On a related note, I am not planning to post daily articles until I get settled into my new routine. I will, of course, continue publishing weeknotes each Sunday.


§ I saw Ari Aster’s new movie Beau Is Afraid.

Wow, now that is a movie!

Is it the best film I’ve ever seen? No, but it’s inventive and strange, deeply discomforting and hilarious.

I wasn’t blown away by Ari Aster’s two previous films, Hereditary and Midsommar. They felt like well-executed examples of generic horror movie tropes.

Beau Is Afraid is an entirely new idea. It is Ari, like the titular Beau, leaving his comfort zone.


§ More movies —

After finding Synecdoche, New York way too depressing, I watched Wes Anderson’s two animated films: Fantastic Mr. Fox and Isle of Dogs, looking for a change of tone.

Previously, my primary association with animation was movies and television directed at children. Without consciously intending to, I consequently viewed it as a less serious medium.

I failed to appreciate that animation gives artists an enormous amount of control and the freedom to create exactly what they imagine, unbounded by the typical constraints of reality. When you give this technology to a filmmaker as precise and detail oriented as Wes Anderson, the results are spectacular.


§ My san marzano tomato plant, which I am growing for the first time this year, has a distinctly different growth pattern than any other tomato variety I’ve seen before. It is super dense and bushy with very few suckers. Comparatively, my cherry tomatoes are almost lanky and sparse.

Spider mites have been an absolute garden menace this year. I’m not sure what prompted their sudden invasion.

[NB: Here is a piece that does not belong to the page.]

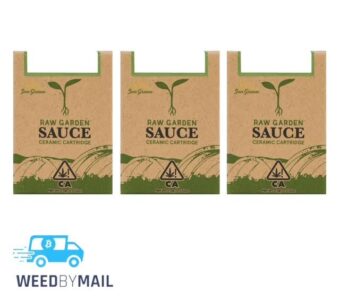 Raw Garden – 1G Sauce Vape Cart 510 Thread (6 Options)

§ Old honeysuckle blossoms are great for cyanotype printing.


§ Links

§ Recipes

  • Caldo verde
    • A new favorite. It’s very similar to kapusniak, another beloved rustic potato soup, but lighter and simpler overall.
    • I made a few alterations: I used a mix of both leek and onion and added some lemon juice at the end. I also couldn’t find the special Portuguese sausage the recipe called for so I substituted it with chorizo. I’ll be on the lookout for proper linguiça moving forward.
  • Cajun gumbo
    • I definitely burned the roux. I realized it early on but, for whatever reason, decided to just keep going. Big mistake. I ended up letting it simmer on the stove all afternoon—like five hours—and that helped reduce the bitterness. It still had a distinctly burned flavor, though. I’ll try making this again another time. If I hadn’t burned it at the beginning I think it would have been amazing.